1 October 2010
The German Federal Tax Court (BFH) has submitted to the European Court of Justice (ECJ) the question whether the whole transaction qualifies as a taxable turnover if business premises are not sold, but only leased to the acquirer at the occasion of the sale of the business (Ref.no.: C-444/10).Up to now non-VATable
Hitherto, according to the prevailing opinion, one could assume that the sale of a business as a whole is also non-VATable if single material elements of the business were not sold and transferred, but only leased to the acquirer for a longer period of time.

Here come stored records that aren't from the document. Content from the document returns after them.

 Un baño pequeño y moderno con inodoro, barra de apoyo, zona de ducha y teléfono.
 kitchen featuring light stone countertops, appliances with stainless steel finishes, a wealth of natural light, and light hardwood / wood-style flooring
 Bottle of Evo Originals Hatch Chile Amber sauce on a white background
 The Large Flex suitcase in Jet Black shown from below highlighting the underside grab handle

This interpretation now seems doubtful.The Submitted Case
The case, which is subject to the submission by the BFH (Ref.no.: XI R 27/08), refers to the sale of a retailer business for sports products, which was run by the entrepreneur in his own business premises. The business premises remained in the ownership of the seller. They were merely leased to the acquirer via a lease agreement valid for an indefinite period of time.Sale of a Business as a Whole non-VATable
The sale of a business as a whole by an entrepreneur to another entrepreneur for his enterprise is generally not subject to VAT. This exception is laid down in Section 1 (1a) UStG (German VAT Act). This rule is based on the implementation of an EU directive (Article 19 of the VAT Common System Directive 2006/112/EC).
Therefore, the ECJ is the competent court to decide whether the interpretation of this directive allows for certain material business elements to only be leased, but not sold and transferred to the acquirer.

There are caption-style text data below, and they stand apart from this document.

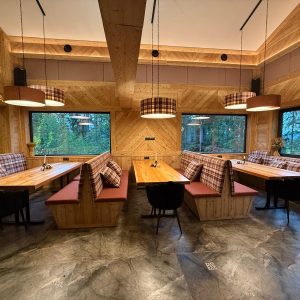 Warm wooden interior with stone accents – a perfect space for intimate gatherings.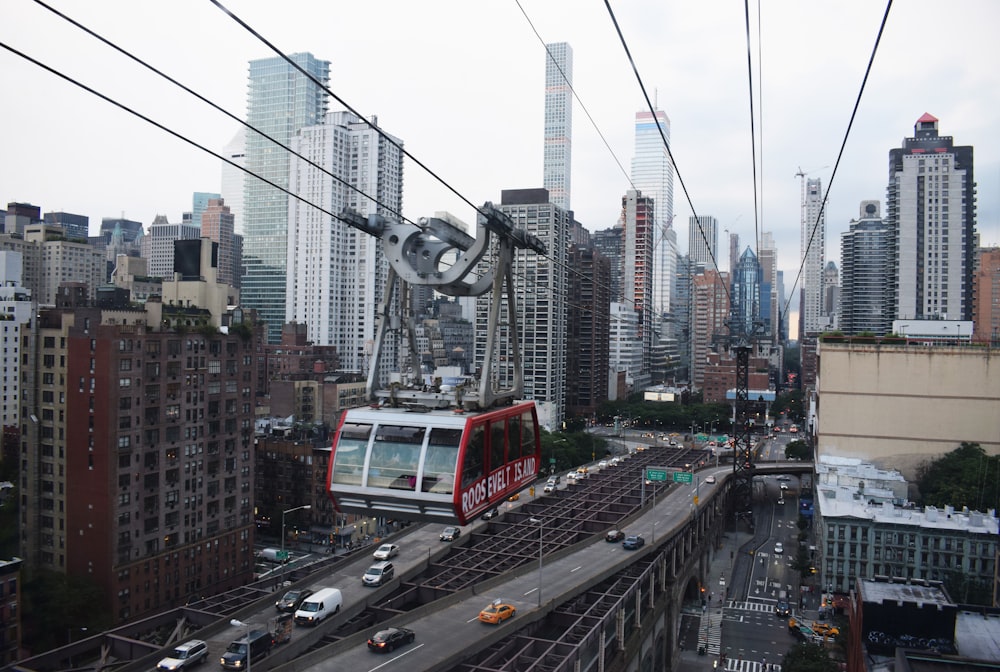 red and white cable car above grey roads at daytime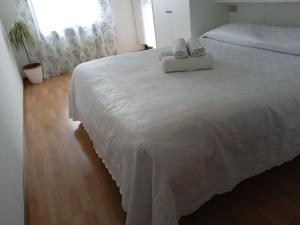 Postel nebo postele na pokoji v ubytování Pace e relax Riva del Garda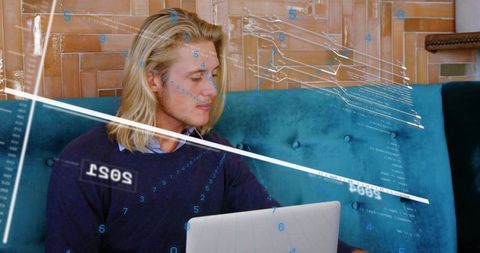 Casual young man analyzing laptop data with futuristic digital interface overlays on sofa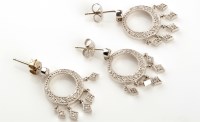 Lot 891 - A pair of diamond drop earrings, the graduated...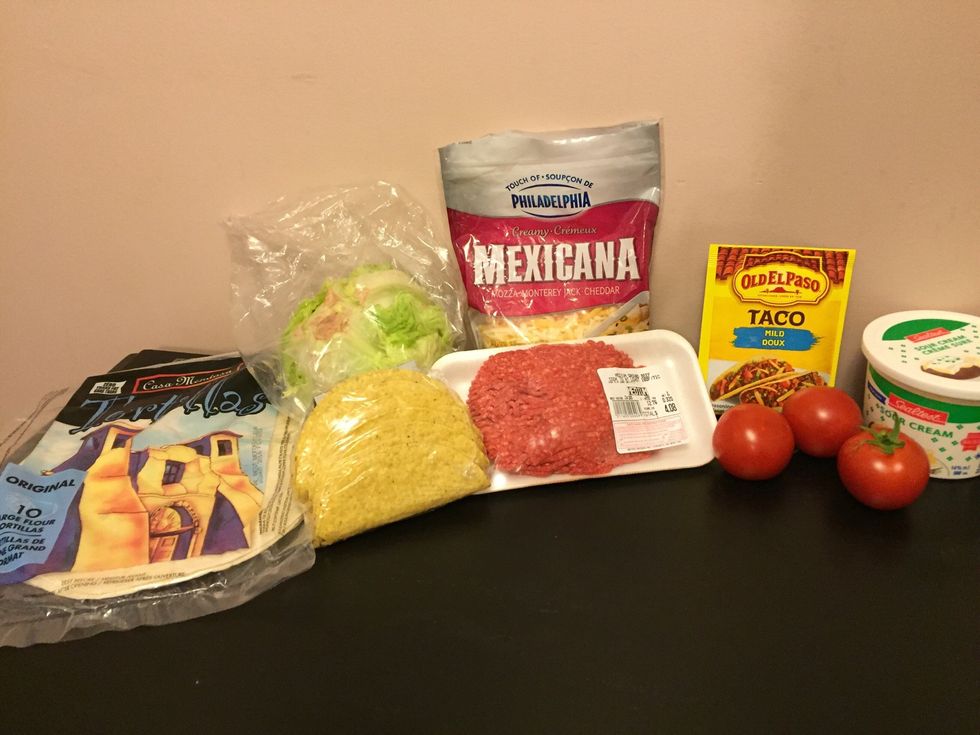 Gather all your supplies. Such as:\n\u2022ground beef\n\u2022lettuce\n\u2022tomatoes \n\u2022taco seasoning \n\u2022sour cream\n\u2022cheese\n\u2022shells (soft or hard)\n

According to the BFH, the ECJ should further decide (if the simple lease is sufficient) whether the lease contract running for an indefinite period of time, which can be terminated by an ordinary notice of cancellation, is sufficient or whether the lease contract must be concluded for a fixed long period of time from the outset. Consequences for Transactions
Hitherto, VAT was not a major issue in asset deals. Even if the ownership of the business premises remained with the seller, the qualification as VATable turnover could be avoided by the conclusion of lease agreements. In the future the parties of the SPA will have to be more cautious.
If the ECJ holds that a simple lease is not sufficient, the question might arise who bears the VAT if the sale of the business, contrary to the assumptions of the parties, is subject to VAT.
If there is no explicit clause in the SPA, the purchase price mentioned will regularly have to be understood as the gross purchase price. In this case the VAT must be extracted from the gross amount and paid to the tax authority by the seller. As a consequence his earnings are reduced.
From the perspective of the seller it is therefore highly recommended to include a provision in the SPA, according to which the purchase price is increased by a potential VAT.
For the acquirer, the qualification of an asset deal as a VATable turnover is not necessarily a disadvantage if he can completely deduct the VAT shown in the invoice of the seller as input VAT. However, if the acquirer is a financial institution or another entrepreneur, who is not completely entitled to the deduction of input VAT, the VAT is insofar definitive.
It must now be awaited how the ECJ will decide. The average duration of ECJ proceedings amounts to roughly one and a half years. Prior to this, however, a certain tendency how the ECJ will decide might be seen in the opinion of the Advocate General, as the Court often shares the Advocate General’s point of view.